At its heart, baptism is a sign and seal of union with Jesus Christ. Rom 6.3 says we were ‘baptized into Jesus Christ’. When God saves someone he is joined to Jesus Christ. Just as Christ died and rose again, so in him we die and rise to new spiritual life.
Baptism is not a sign of our repentance or our personal commitment to Jesus Christ – it is a sign and seal of God’s commitment to us.
- Remember it in times of temptation
This is the use Paul especially makes of baptism in Rom 6.4. We were baptized into Jesus Christ – we were united to the Son of God in his death for sin. We died in him to sin and have been raised to new spiritual life. That abusive, destructive marriage between us and sin is now finished – not because we got a divorce or a separation order, but because we died to sin. Baptism is a sign and seal of that thrilling reality.
We need to remember this especially at times of temptation. When the old master comes callling us back and promising all kinds of pleasures and satisfaction we need to remember our baptism and say, ‘No – I have been baptized into Jesus Christ. I died to sin in him. I have been raised to life in Jesus Christ – I don’t have to give in to temptation. I belong to God the Father, Son and Spirit.’ This is what Martin Luther used to do when he was tempted – he would grab a piece of chalk and scrawl the words ‘baptizatus sum’ on his desk – ‘I have been baptized.’
- Cultivate the Unity of the Church
This is Paul’s point in 1 Cor 12.12-13. We have all been baptized into one body. We are not just united to Jesus Christ when we become Christians – we are also united to everyone else who is united to him.
So we make good use of our baptism by working hard to preserve and cultivate the unity of the church. Whatever different shades of belief or temperament there may be among us, we were all baptized into one body.

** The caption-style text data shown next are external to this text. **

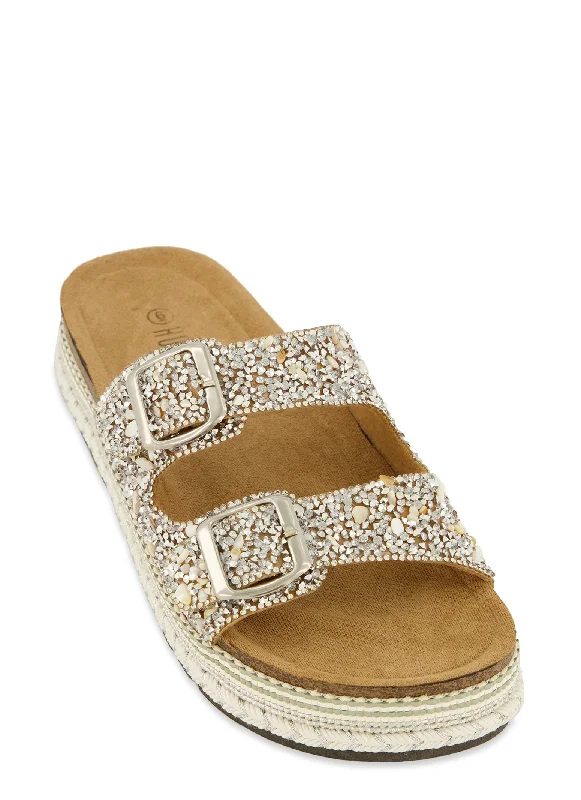 Studded Rhinestone Footbed Sandals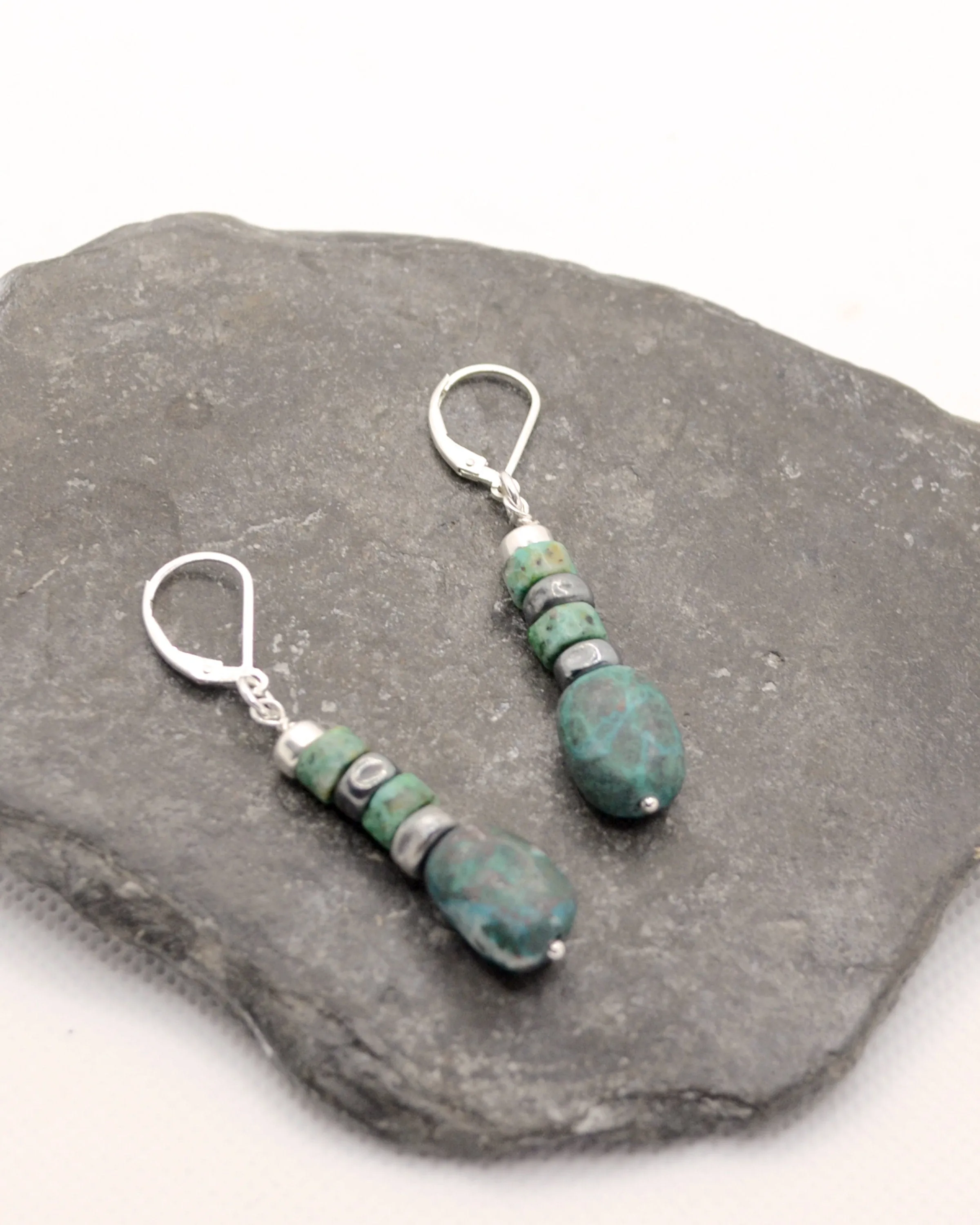 Boho silver and green-blue chrysocolla dangling earrings, romantic gift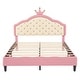preview thumbnail 12 of 16, Twin/Full Size Upholstered Princess Bed with Crown Shaped Headboard, Lovely PU Leather Platform Bed with Button Tufted Design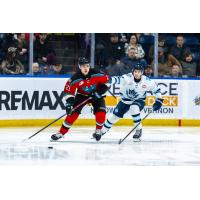 Kelowna Rockets centre Hayden Paupanekis (left)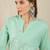women floral embroidered regular thread work  cotton kurta with trousers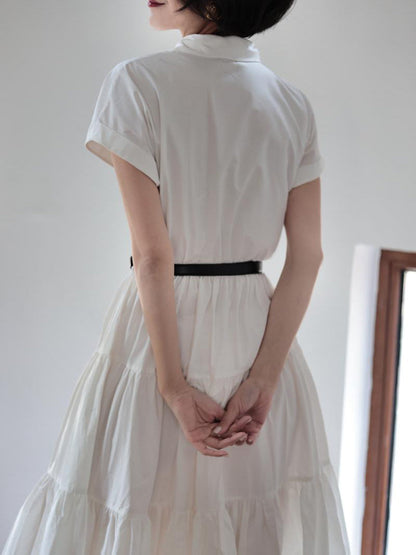 Pure white lady vintage dress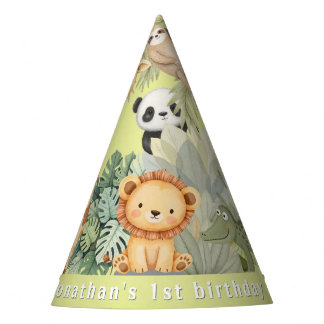 Jungle Animals 1st Birthday Party Hat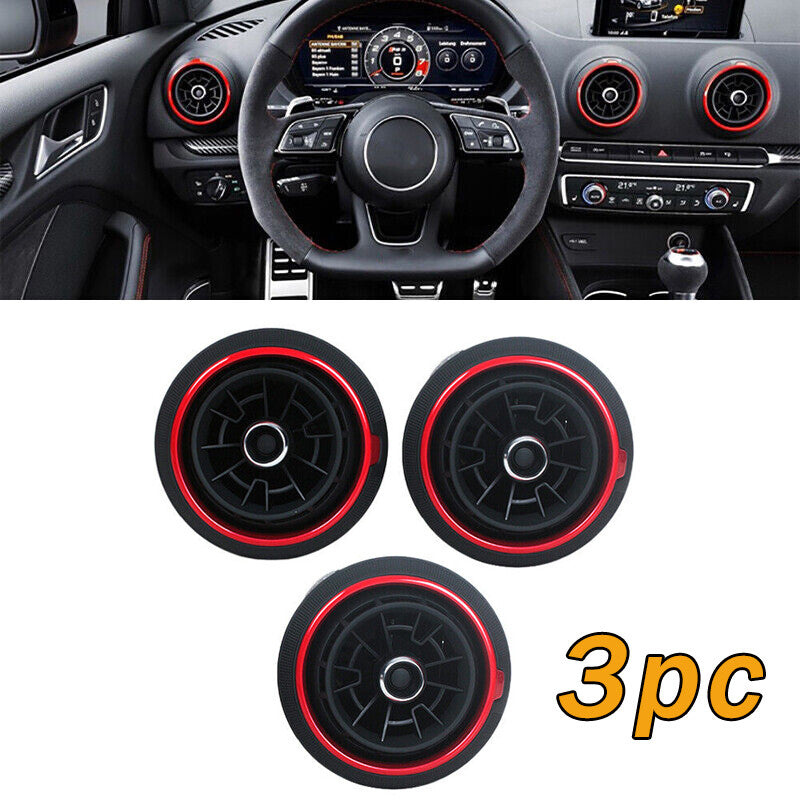 3pcs Red Dashboard Air Vent Conditioner Outlet for Audi A3 S3 RS3 2017-2018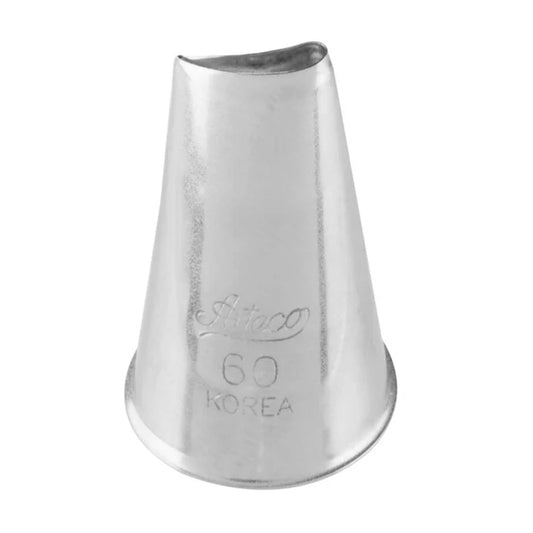 Ateco 60 curved petal piping tip with a narrow, teardrop-shaped opening slightly bent to one side, designed for piping realistic flower petals, ruffles, and drapes. Stainless steel with a conical body engraved "Ateco 60 Korea."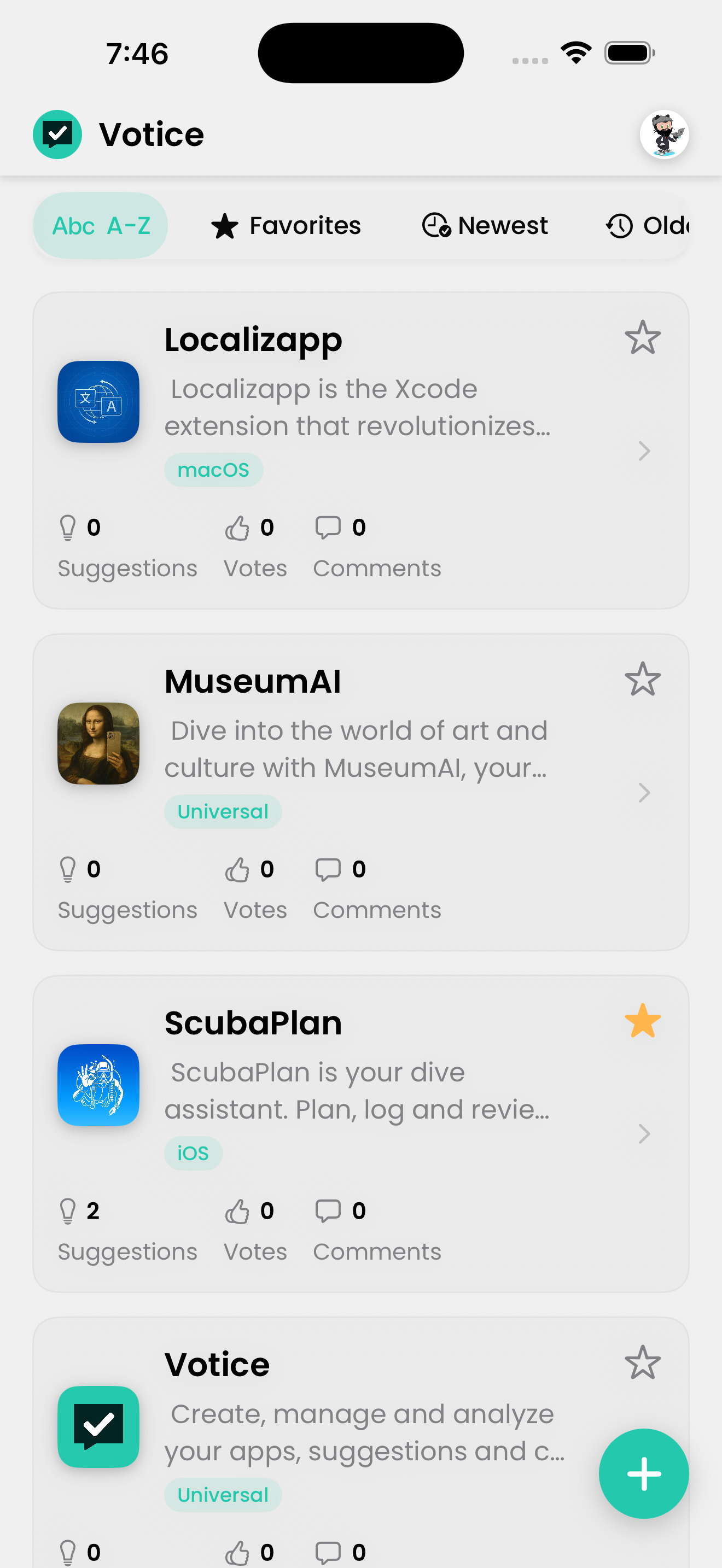 Votice iOS/iPadOS App Screenshot - Light Mode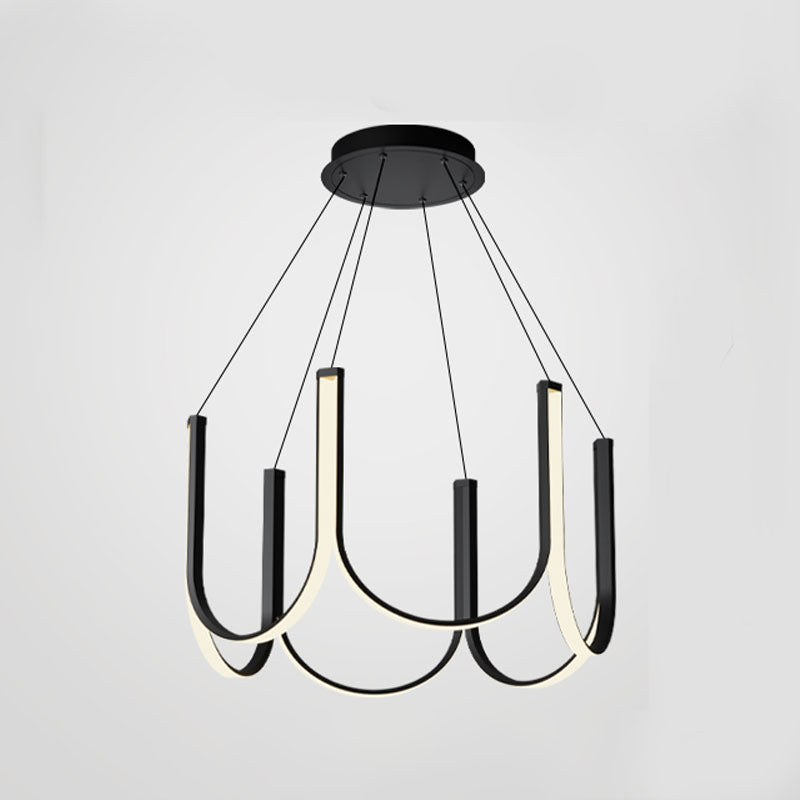 LED -Deckenpendellicht mit Acrylschatten -Einfachheit Kronleuchter Licht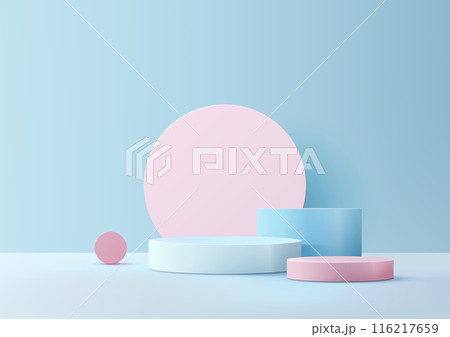 3D Pink and Blue Podium with Circles Backdrop, Modern Product Display and Mockup 3D Pink and Blue Podium with Circles Backdrop, Modern Product Display and Mockup 116217659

We all belong to Christ and so we all belong to one another.
- So there is no place for quarrelling with other Christians, or bearing grudges for weeks or months or even years on end.
- So we should pursue biblical catholicity. We should ask ourselves regularly how we can foster closer ties with other Christians baptized in same Spirit into same body, even if they don’t belong to our particular group.
- So we should strive to be peacemakers whenever we have opportunity.
As Luther put it in his Large Catechism: ‘Every Christian has enough to learn and to practise all his life in regard to baptism… There is no greater jewel than baptism for adorning our body and soul, for through it we become perfectly holy and are completely saved.’